Breast cancer mortality is linked to metastasis and currently we lack sufficient biomarkers that
accurately predict locations of metastases, enabling improved treatment. We aim to complement
current genetic biomarkers with physiologically-relevant physical biomarkers associated with
cell adhesion and migration. Here, cells are seeded on a PDMS surface patterned with large
stripes of eight different extracellular matrix proteins, and are sandwiched from above with
another protein-coated surface with the same eight stripes running orthogonally, to interrogate
large groups of cells with 64 protein pair combinations.
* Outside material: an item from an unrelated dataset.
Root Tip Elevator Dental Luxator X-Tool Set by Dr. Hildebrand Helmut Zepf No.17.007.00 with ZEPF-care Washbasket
We quantified percent cell transfer to the
top surface for each protein pair over five breast cell lines with unique metastatic potential –
normal breast cells (hMEC), malignant breast cancer cells (MDA-MB-231) and MDA-MB-231
cells that have tropism to brain, lung, and bone – to generate relative adhesion plots that can
distinguish the populations. These heat maps generally reveal transfer of malignant cells toward
collagen 1, but also shows transfer away from basement membrane proteins collagen 4 and
laminin, regardless of the type of new protein that is introduced. Morphological analyses show
that hMEC display epithelial behavior favoring cell-cell contact via amoeboid motions as
opposed to adhesion to the new surface. In contrast, MDA-lung cells tend to move with a
mesenchymal phenotype as they switch to a new collagen 1 surface. Antibodies to alpha 2 and
beta 1, but not with alpha 6 integrins interfere with transfer. The actin cytoskeleton, but not
microtubules or myosin II are implicated in the transfer process. Finally, further analyses of
select protein pair combinations provide potential to develop protocols that can separate
malignant cells from non-cancerous cells, and then further delineate the malignant cells by their
tropism to specific secondary sites.